Stored items from a collection
----

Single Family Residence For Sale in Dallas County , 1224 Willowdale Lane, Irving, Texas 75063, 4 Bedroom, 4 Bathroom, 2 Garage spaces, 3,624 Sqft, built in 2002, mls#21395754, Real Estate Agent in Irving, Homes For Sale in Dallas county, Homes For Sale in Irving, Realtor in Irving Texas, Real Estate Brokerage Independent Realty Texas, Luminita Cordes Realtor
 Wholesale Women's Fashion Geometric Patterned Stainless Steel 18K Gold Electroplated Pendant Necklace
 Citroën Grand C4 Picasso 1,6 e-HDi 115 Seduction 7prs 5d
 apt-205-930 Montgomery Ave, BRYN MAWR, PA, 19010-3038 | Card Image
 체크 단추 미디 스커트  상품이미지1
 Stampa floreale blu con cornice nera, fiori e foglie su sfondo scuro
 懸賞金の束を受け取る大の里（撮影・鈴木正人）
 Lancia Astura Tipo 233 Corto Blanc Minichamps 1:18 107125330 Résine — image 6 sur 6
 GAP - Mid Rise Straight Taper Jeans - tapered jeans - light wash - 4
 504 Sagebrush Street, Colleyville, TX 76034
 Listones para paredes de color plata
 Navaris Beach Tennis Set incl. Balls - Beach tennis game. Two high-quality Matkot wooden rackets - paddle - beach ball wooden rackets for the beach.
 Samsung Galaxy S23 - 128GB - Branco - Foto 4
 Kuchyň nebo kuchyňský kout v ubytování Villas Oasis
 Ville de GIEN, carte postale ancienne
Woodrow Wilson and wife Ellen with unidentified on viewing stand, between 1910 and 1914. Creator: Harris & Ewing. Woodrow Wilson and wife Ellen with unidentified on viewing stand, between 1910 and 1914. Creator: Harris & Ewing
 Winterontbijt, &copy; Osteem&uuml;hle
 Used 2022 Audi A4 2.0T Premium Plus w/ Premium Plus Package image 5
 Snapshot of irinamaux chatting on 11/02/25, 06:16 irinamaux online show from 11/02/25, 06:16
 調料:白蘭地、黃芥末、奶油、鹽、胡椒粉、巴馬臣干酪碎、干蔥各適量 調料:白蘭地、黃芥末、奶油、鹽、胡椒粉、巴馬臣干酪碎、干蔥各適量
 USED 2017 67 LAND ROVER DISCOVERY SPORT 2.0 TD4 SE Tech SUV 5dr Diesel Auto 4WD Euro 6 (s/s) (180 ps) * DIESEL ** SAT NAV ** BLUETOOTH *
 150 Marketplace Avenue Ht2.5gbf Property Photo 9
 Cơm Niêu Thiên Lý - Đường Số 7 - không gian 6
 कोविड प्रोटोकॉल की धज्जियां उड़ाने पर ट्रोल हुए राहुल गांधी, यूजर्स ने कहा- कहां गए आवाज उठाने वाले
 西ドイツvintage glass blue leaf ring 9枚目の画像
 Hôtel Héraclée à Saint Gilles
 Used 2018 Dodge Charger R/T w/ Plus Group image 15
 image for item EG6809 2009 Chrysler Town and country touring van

----

__BRIEF__: Copy each line of the data that contains the word "Plus".

__REPLY TO THE EXERCISE__:
 Used 2022 Audi A4 2.0T Premium Plus w/ Premium Plus Package image 5
 Used 2018 Dodge Charger R/T w/ Plus Group image 15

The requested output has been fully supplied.